* **WHAT TO DO**:
Please repeat exactly, and only, the lines from the one containing "VYSER Black sunglasses" through the end of the records below, with no pictures.

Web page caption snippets
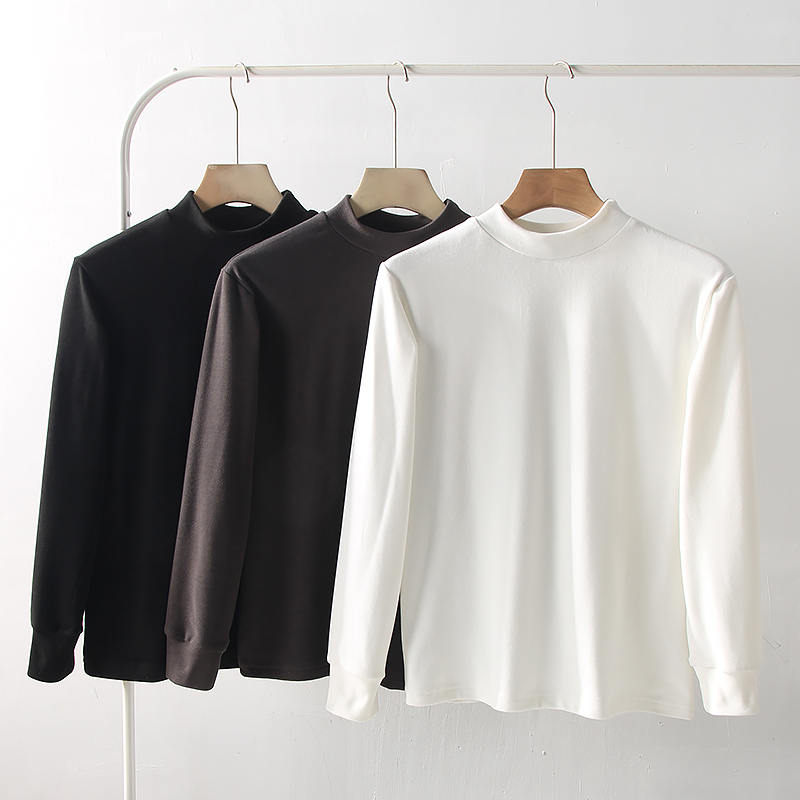 冬亲肤保暖休闲长袖德绒打底衫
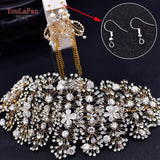 YouLaPan Golden Crystal Rhinestone for Bride - Hair Accessory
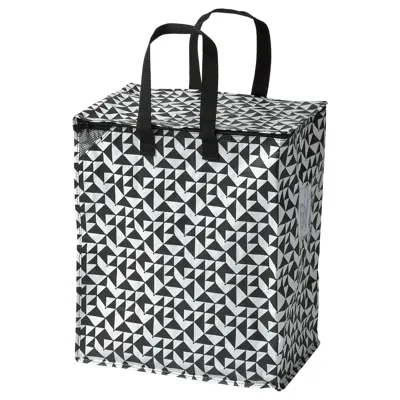 KNALLA Bag, black/white 40x25x47 cm/47 l, 80473694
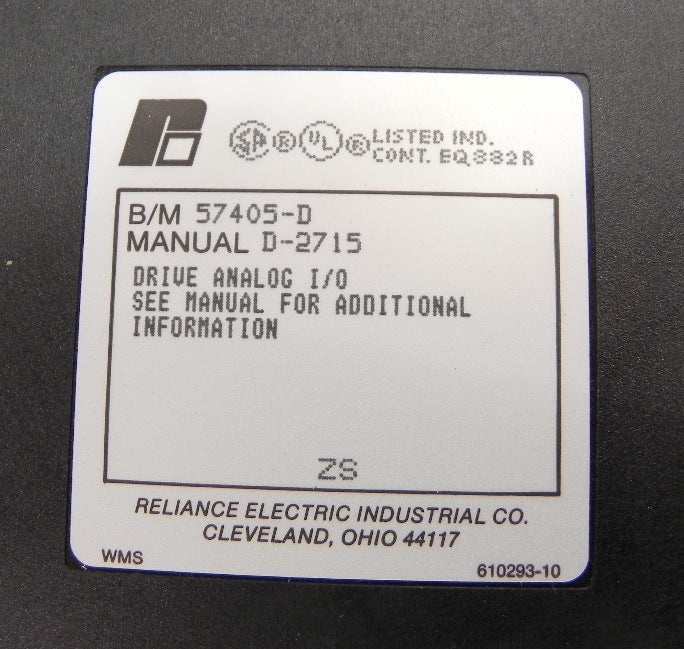 Reliance Electric Drive Analog Module 57405-D - Advance Operations
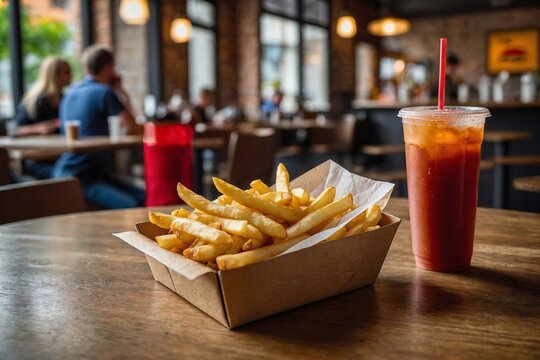 french fries and cold drink are put together on the table, with blurred cafe background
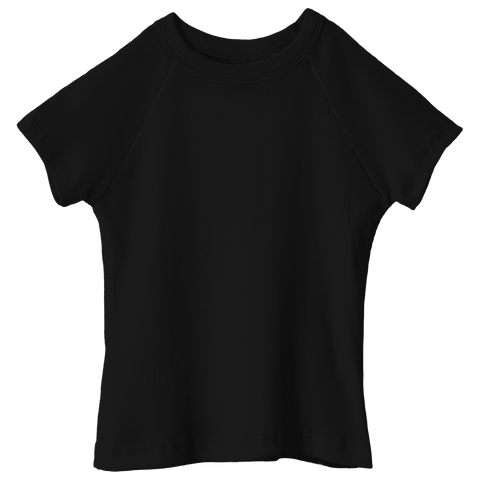 Newport Tee, full-length fitted raglan baby tee in Onyx Black color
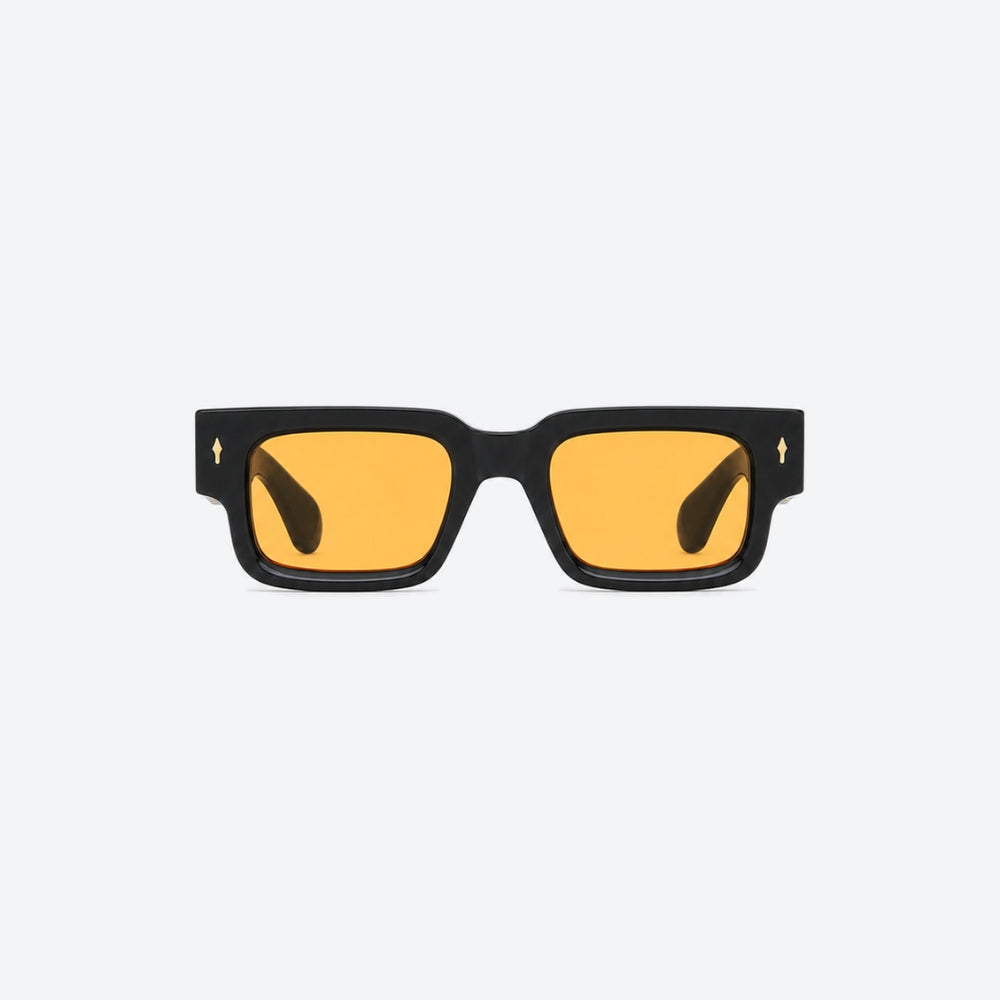 VYSER Black sunglasses with orange lenses on a white background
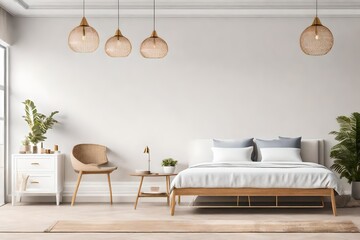 modern bedroom with sofa,modern interior design - Generative AI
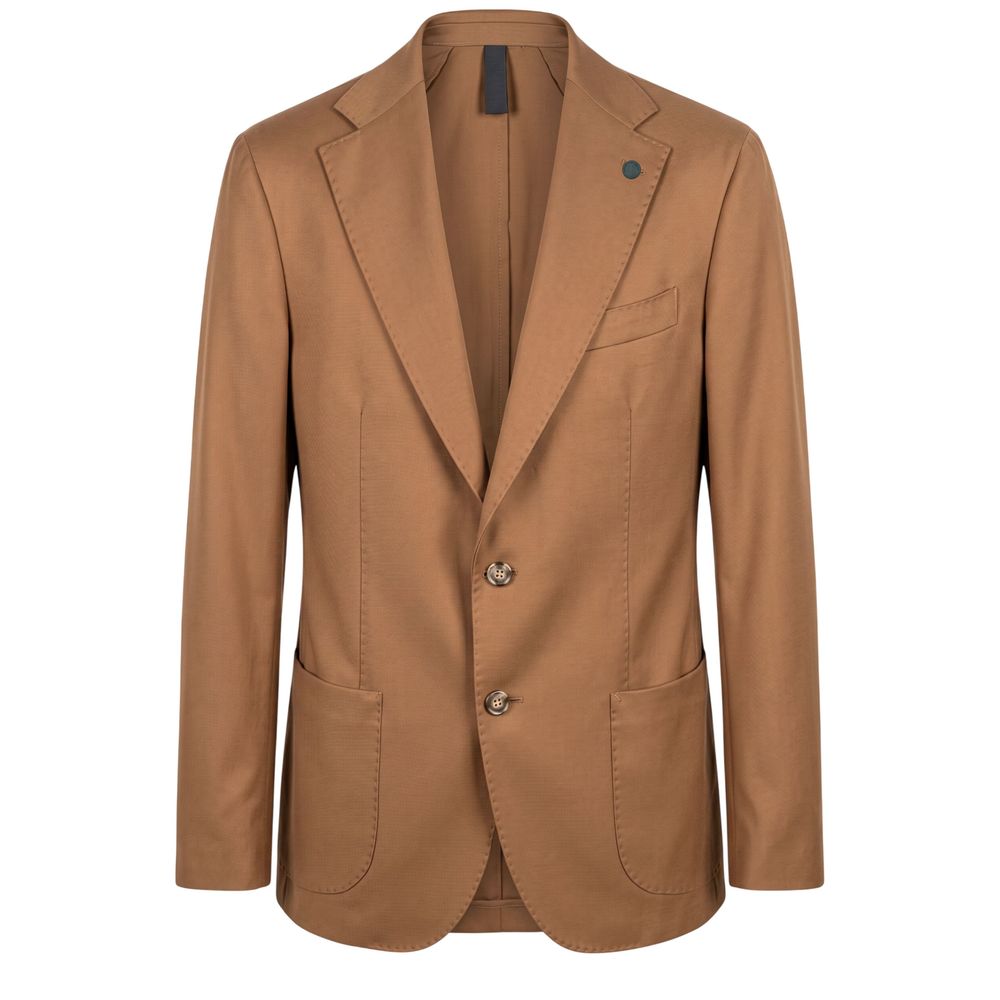 Brown Viscose Men's Jacket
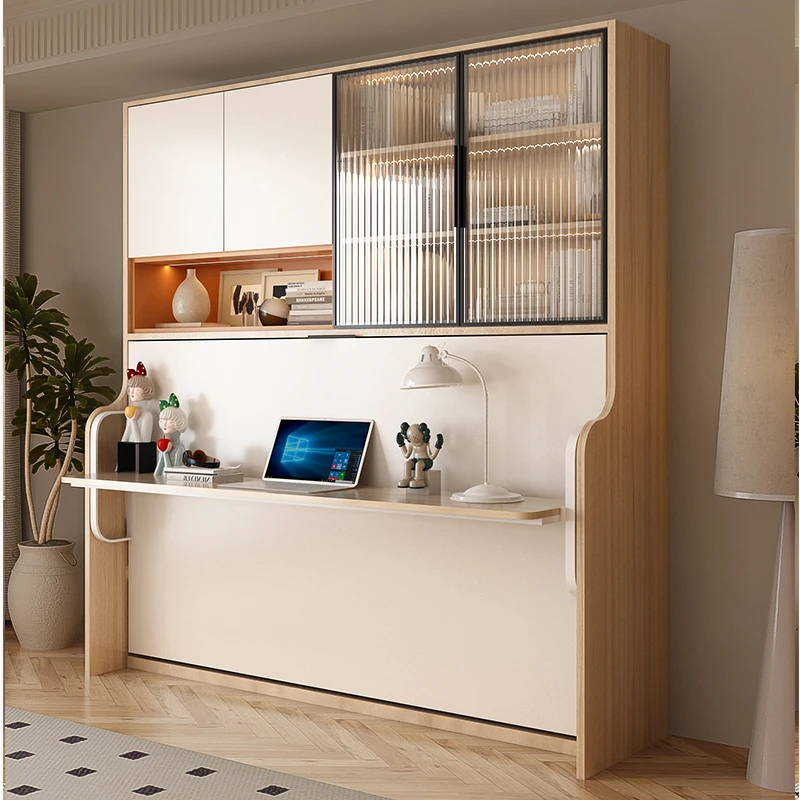 Multifunctional Kids' Murphy Wall Bed with Integrated Study Bookcase Foldable Rotating Antique Wood Panel Modern Appearance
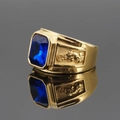 Men's vintage gold-plated titanium steel ring with blue gemstone and dragon relief - US 7 / Gold Blue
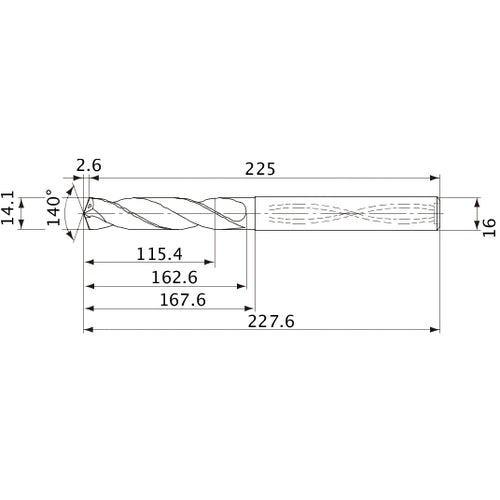 MVS1410X08S160 DP1020 14.1 mm Dia. × 16 mm Shank × 162.6 mm Flute Length × 227.6 mm OAL, 140°, 2 Flute, Coolant Thru, Solid Carbide Drill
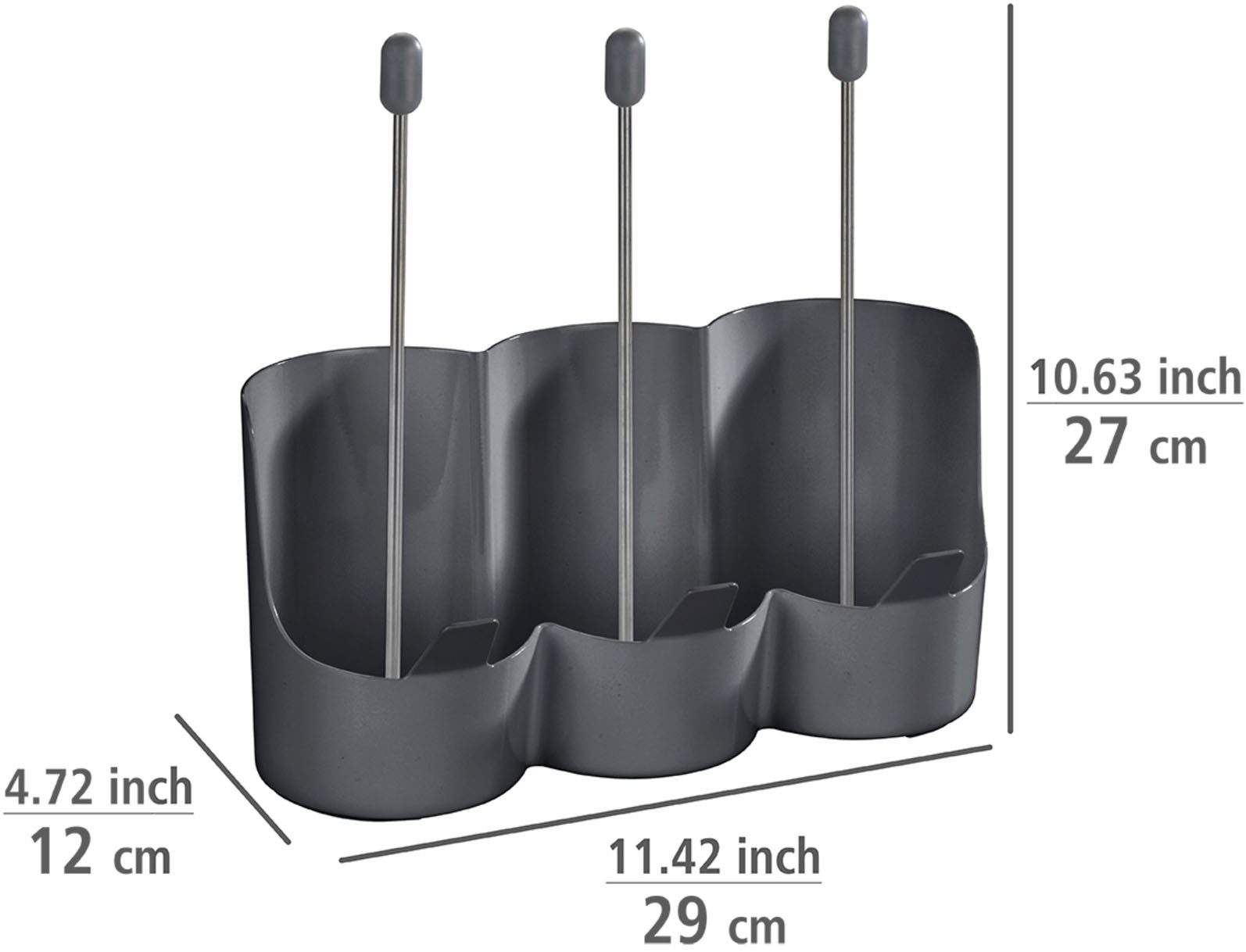 WENKO Flessenhouder Model Filia voor snel drogen voor maximaal 3 flessen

* **ANSWER SPACE**:
 VYSER Black sunglasses with orange lenses on a white background
 modern bedroom with sofa,modern interior design - Generative AI
 Brown Viscose Men's Jacket
 Multifunctional Kids' Murphy Wall Bed with Integrated Study Bookcase Foldable Rotating Antique Wood Panel Modern Appearance
 Men's vintage gold-plated titanium steel ring with blue gemstone and dragon relief - US 7 / Gold Blue
 MVS1410X08S160 DP1020 14.1 mm Dia. × 16 mm Shank × 162.6 mm Flute Length × 227.6 mm OAL, 140°, 2 Flute, Coolant Thru, Solid Carbide Drill
 WENKO Flessenhouder Model Filia voor snel drogen voor maximaal 3 flessen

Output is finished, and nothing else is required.